Menurut Lalola, rangkaian peristiwa upaya untuk melemahkan pemberantasan korupsi tidak hanya terjadi dalam beberapa tahun ke belakang.
”Kita bisa tarik bahkan sampai 10 tahun ke belakang. Jadi, selalu dengan jalan yang tertatih-tatih, kita berusaha untuk selalu menguatkan upaya pemberantasan korupsi. Tapi, setiap waktu juga, maju selangkah (maka) mundurnya tiga langkah,” tuturnya.
Baca juga: Menkumham Sebut Pemberian Remisi untuk Koruptor Sesuai Aturan
Saut Situmorang menuturkan, Indonesia tidak pernah menunjukkan upaya yang berkelanjutan dalam memberantas korupsi. Pemberian pembebasan bersyarat terhadap napi korupsi sama persis dengan UU No 3/1971 tentang Pemberantasan Tindak Pidana Korupsi.
Ia menegaskan, pemberantasan korupsi tidak boleh setengah-setengah. Sebab, dengan adanya perilaku korupsi, program yang dilaksanakan pemerintah tidak akan sepenuhnya mencapai sasaran.

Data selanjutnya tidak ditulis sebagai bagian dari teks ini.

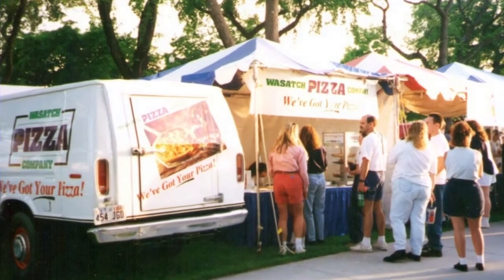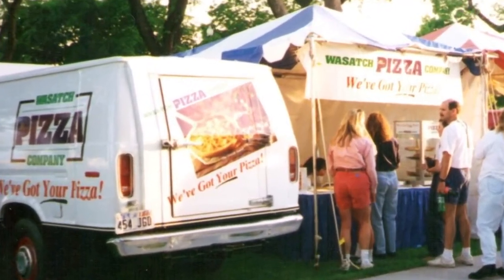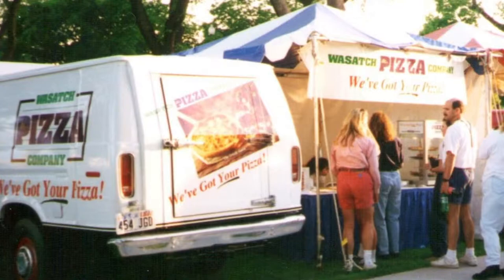When we would do off-site catering and events, we would go set up a tent, we would lay out the table, we would build the hand-washing station. It was a lot of work. Worth it, but still a lot of work.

Menurut Saut, Indonesia memiliki lembaga yang lengkap untuk melihat seseorang memperoleh uang dengan benar atau tidak. ”Semua perangkat itu ada sebenarnya, tetapi persoalannya perangkat-perangkat ini bekerja atau tidak,” ujar Saut.
Saut Situmorang menuturkan, Indonesia tidak pernah menunjukkan upaya yang berkelanjutan dalam memberantas korupsi.
Menurut Irfan Pulungan, tindak pidana korupsi masuk wilayah kejahatan luar biasa. Karena itu, penghukuman terhadap pelaku korupsi harus diberikan seberat-beratnya.
Ia menegaskan, dibutuhkan komitmen yang kuat dari semua pihak untuk memberantas dan mencegah korupsi. Sebab, penyelenggaraan negara ada di eksekutif, legislatif, dan yudikatif.
”Tidak mungkin harapan kita untuk bisa memberantas korupsi ini kalau kita berjalannya parsial-parsial. Koordinasi, kolaboratif itu sangat penting bagi kita semua,” ujar Irfan.